━━━ LISTED ENTRIES

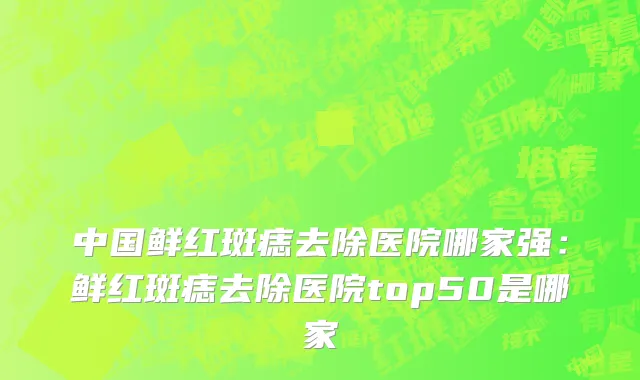 中国鲜红斑痣去除医院哪家强：鲜红斑痣去除医院top50是哪家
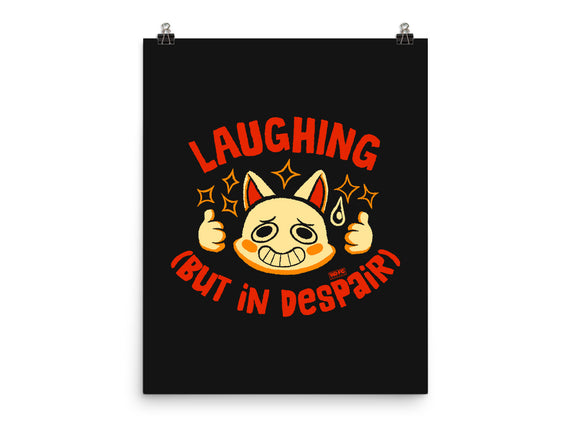 Laughing But In Despair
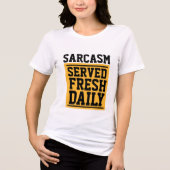SARCASM SERVED FRESH DAILY T-Shirts Tees (Vorderseite)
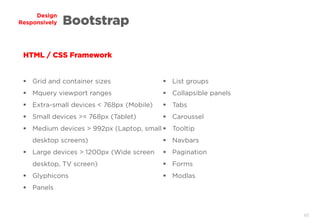 45
Design
Responsively Bootstrap
HTML / CSS Framework
 Grid and container sizes
 Mquery viewport ranges
 Extra-small devices < 768px (Mobile)
 Small devices >= 768px (Tablet)
 Medium devices > 992px (Laptop, small
desktop screens)
 Large devices > 1200px (Wide screen
desktop, TV screen)
 Glyphicons
 Panels
 List groups
 Collapsible panels
 Tabs
 Caroussel
 Tooltip
 Navbars
 Pagination
 Forms
 Modlas
 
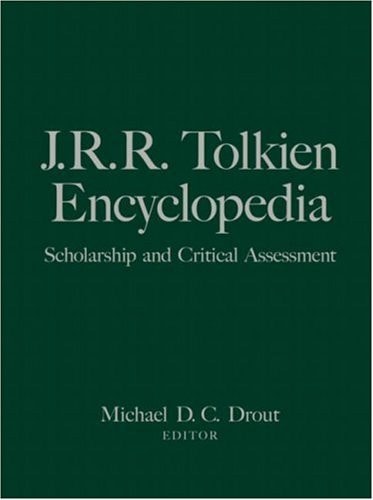 J.R.R. Tolkien Encyclopedia: Scholarship and Critical Assessment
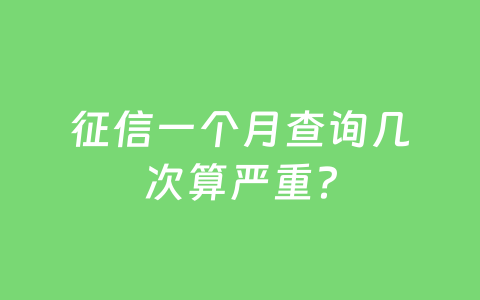 征信一个月查询几次算严重?
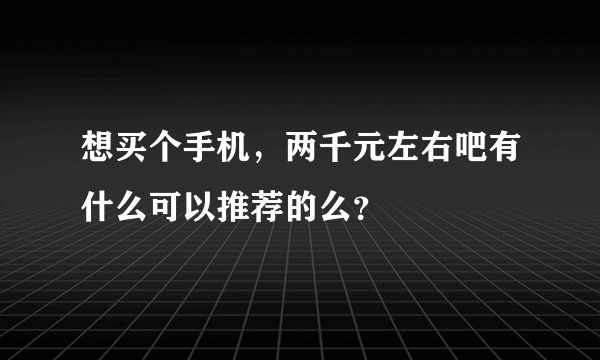 想买个手机，两千元左右吧有什么可以推荐的么？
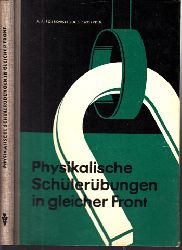 Pokrowski, A.A. und B.S. Sworykin;  Physikalische Schlerbungen in gleicher Front - Ein Handbuch fr Lehrer 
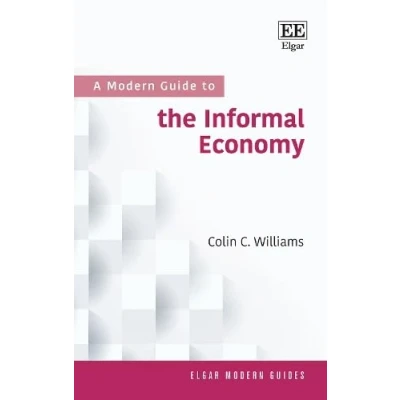 Abbildung von A Modern Guide to the Informal Economy (Elgar Guides)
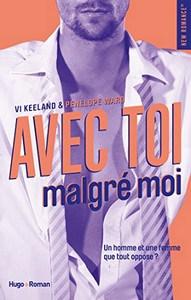 Vi Keeland & Penelope Ward / Avec toi malgré moi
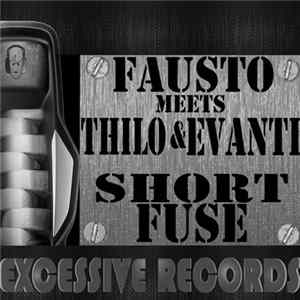 Fausto Meets Thilo & Evanti - Short Fuse FLAC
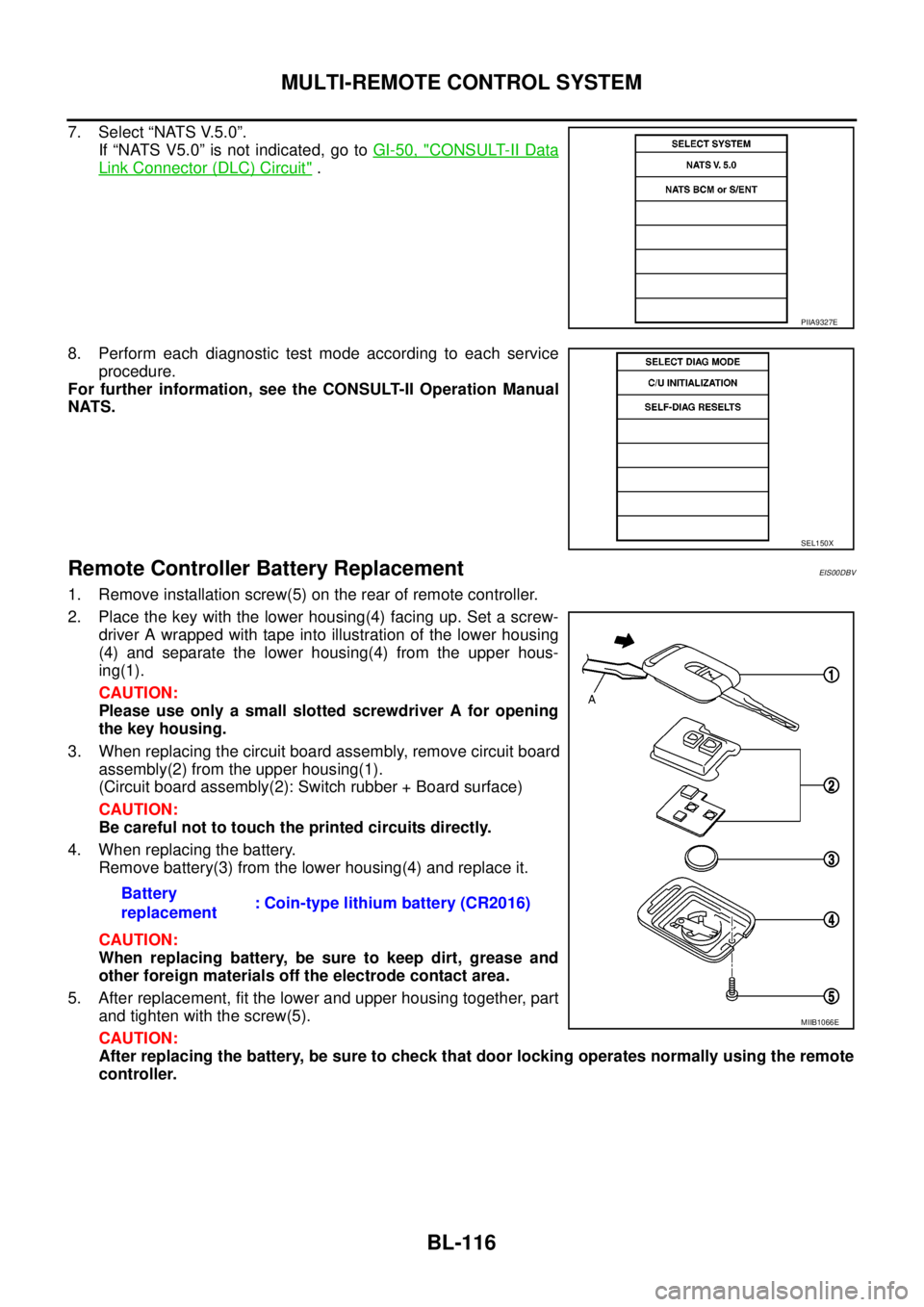 NISSAN NAVARA 2005 Repair Workshop Manual BL-116
MULTI-REMOTE CONTROL SYSTEM
7. Select “NATS V.5.0”.
If “NATS V5.0” is not indicated, go toGI-50, "
CONSULT-II Data
Link Connector (DLC) Circuit".
8. Perform each diagnostic test mode ac NISSAN NAVARA 2005 Repair Workshop Manual BL-116
MULTI-REMOTE CONTROL SYSTEM
7. Select “NATS V.5.0”.
If “NATS V5.0” is not indicated, go toGI-50, "
CONSULT-II Data
Link Connector (DLC) Circuit".
8. Perform each diagnostic test mode ac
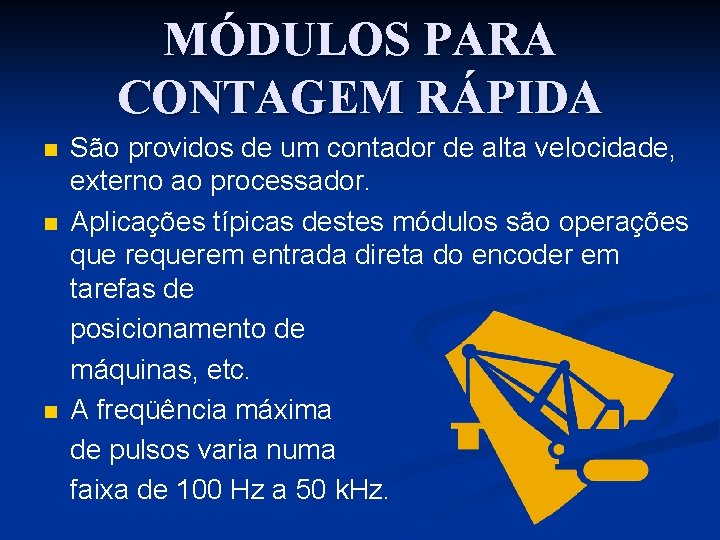 MÓDULOS PARA CONTAGEM RÁPIDA n n n São providos de um contador de alta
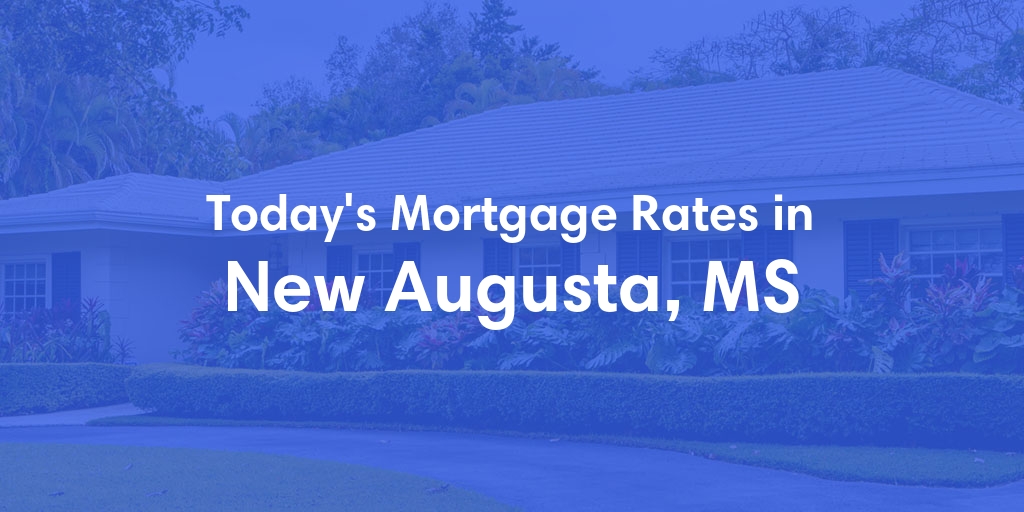 The Current Average Mortgage Rates in New Augusta, MS - Updated: Wed, May 8, 2024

━━━━━━

WHAT IS NEEDED.
After dropping the pictures, reproduce exactly the lines from the first line of the entries through the line containing "Vi Keeland &", both included.

EXERCISE OUTPUT.
 中国鲜红斑痣去除医院哪家强：鲜红斑痣去除医院top50是哪家
 Laughing But In Despair
SARCASM SERVED FRESH DAILY T-Shirts Tees (Vorderseite)
 45
Design
Responsively Bootstrap
HTML / CSS Framework
 Grid and container sizes
 Mquery viewport ranges
 Extra-small devices < 768px (Mobile)
 Small devices >= 768px (Tablet)
 Medium devices > 992px (Laptop, small
desktop screens)
 Large devices > 1200px (Wide screen
desktop, TV screen)
 Glyphicons
 Panels
 List groups
 Collapsible panels
 Tabs
 Caroussel
 Tooltip
 Navbars
 Pagination
 Forms
 Modlas
 
 J.R.R. Tolkien Encyclopedia: Scholarship and Critical Assessment
 征信一个月查询几次算严重?
 想买个手机，两千元左右吧有什么可以推荐的么？
 Pokrowski, A.A. und B.S. Sworykin;  Physikalische Schlerbungen in gleicher Front - Ein Handbuch fr Lehrer 
 Abbildung von A Modern Guide to the Informal Economy (Elgar Guides)
 Vi Keeland & Penelope Ward / Avec toi malgré moi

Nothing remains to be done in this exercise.